The groove’s far out daddy-o. Like don’t be such a square, dig?
Not just for tortured artists and Parisians anymore, the beret is the existentialist’s baseball cap. Before the beret joined black turtlenecks and goatees as the quintessential beatnik look parody, it was a fanciful and affordable cap for all.
A soft, circular cap that dates back to ancient Greece, the beret has been a staple headpiece since the beginning of time. Berets are one of the oldest head coverings created with felt, the fabric made of matted animal fur and wool. There are two styles of berets: the basque, which features a stand-up band commonly seen on military berets, and the modelaine, the bandless style more common to civilians. The military berets do not have the ‘tail,’ a characteristic tab at the center of the beret that prevents a center hole.

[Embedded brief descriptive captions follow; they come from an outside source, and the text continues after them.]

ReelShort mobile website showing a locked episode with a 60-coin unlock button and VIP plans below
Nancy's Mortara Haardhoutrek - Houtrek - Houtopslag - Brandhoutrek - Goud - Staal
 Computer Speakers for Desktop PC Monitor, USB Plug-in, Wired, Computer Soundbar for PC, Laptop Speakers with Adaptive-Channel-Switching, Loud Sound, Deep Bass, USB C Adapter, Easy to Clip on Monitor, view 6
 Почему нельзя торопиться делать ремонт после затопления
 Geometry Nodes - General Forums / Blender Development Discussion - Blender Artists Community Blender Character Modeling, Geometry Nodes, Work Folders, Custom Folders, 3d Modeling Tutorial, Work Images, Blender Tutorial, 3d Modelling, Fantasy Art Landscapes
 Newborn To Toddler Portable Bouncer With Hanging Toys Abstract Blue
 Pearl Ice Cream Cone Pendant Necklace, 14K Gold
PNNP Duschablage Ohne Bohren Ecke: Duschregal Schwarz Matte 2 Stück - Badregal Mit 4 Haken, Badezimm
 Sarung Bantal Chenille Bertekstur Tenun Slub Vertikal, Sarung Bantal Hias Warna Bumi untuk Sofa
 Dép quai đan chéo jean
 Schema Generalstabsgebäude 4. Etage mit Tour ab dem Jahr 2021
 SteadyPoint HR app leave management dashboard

Also called a tam, the beret is a brimless hat.
Berets were a popular choice for little girl’s headgear, and became widely used during the war years of the 40’s when millinery elastic was rationed. But it was the jazzmen who gave the brimless chapeau its hipness. Jazz trumpeter Dizzy Gillespie adopted the black beret and black shades as his signature bebop style, influencing a whole new ‘Beat Generation’ to crown themselves in the existential angst of the beret. Faye Dunaway’s 30’s revival style in the 1967 hit Bonnie and Clyde brought the beret back as a European chic cap for the new ethnic inspired looks of the 60’s and 70’s. Berets later became a popular choice for the anything goes 80’s, and even Madonna sported a floppy, bowed beret in her “Borderline” video.
Kangol, a producer of wool berets during WWII, continues to be the name for cool berets and snap caps. The Kangol name was extremely popular in the 50’s as fashionable wear for both men and women, and thanks to celebrities like Samuel L. Jackson, the kangaroo came back as the beret mascot for the 90’s. Berets – they’re not just for hipsters anymore.